The power and allure of the Steve Jobs brand transcends political party lines and old business rivalries. It also increasingly transcends the nuances of Jobs' actual life.


"He's become shorthand for innovation and for corporate success,"
says Gautam Mukunda, an assistant professor at the Harvard Business School and author of Indispensable: When Leaders Really Matter. "We create the image of someone who maybe isn’t exactly who he really was."

You can hear this in the titles of some of the books that have come out since Jobs' death: Steve Jobs: American Genius, Steve Jobs: Genius by Design, Finding the Next Steve Jobs: How to Find, Keep, and Nurture Talent and Leading Apple With Steve Jobs: Management Lessons From a Controversial Genius.

"We can absolutely learn from a person like that, but we have to do it very carefully.
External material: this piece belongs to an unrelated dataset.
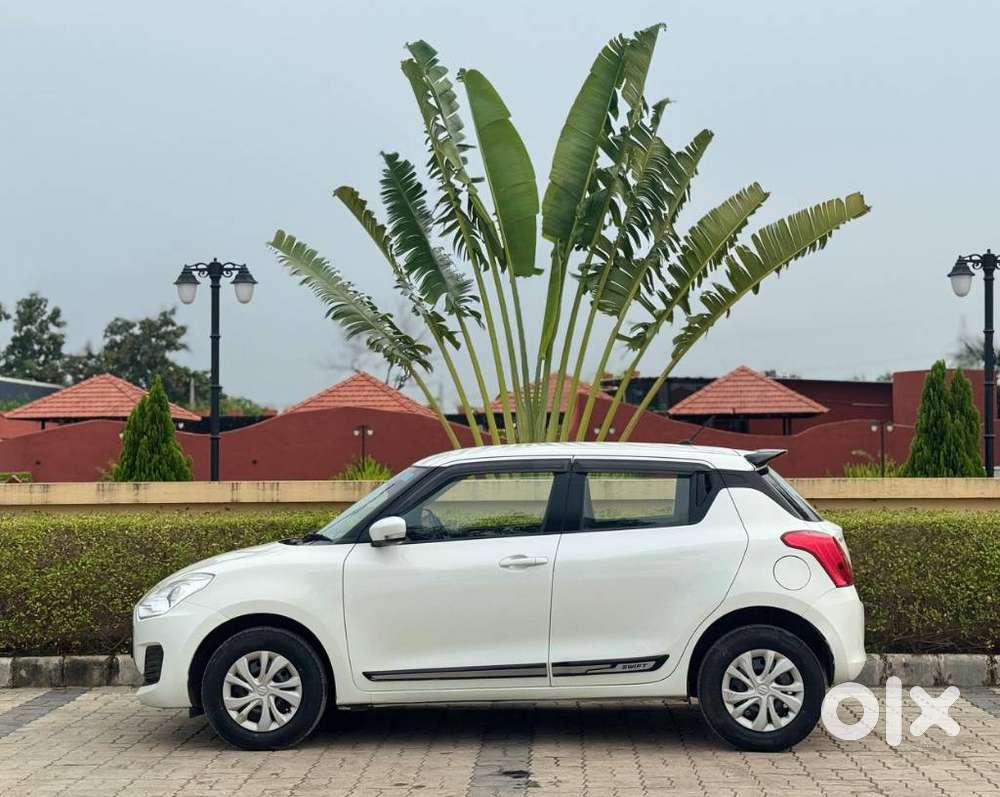 Maruti Suzuki Swift 2018 Amt Vxi, 2020, Petrol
For someone like Jobs, it's easy to learn the wrong lessons — lessons that are actually really dangerous," Mukunda says.


"It's easy to say he did X and succeeded, so therefore I should do X, not understanding there were 100 other people who did X and failed miserably," Mukunda says.

Finkelstein says the Isaacson book "probably discourages competition for a period of time from other biographers" because it is viewed as authoritative. That said, he expects new details about Jobs to come out eventually, which may shape and shift the Steve Jobs narrative.

"The narrative of the Steve Jobs legacy will certainly change over time. There will be a whole new discussion about Steve Jobs in light of new evidence," Finkelstein says. "But until that happens, there will be a continual simplifying."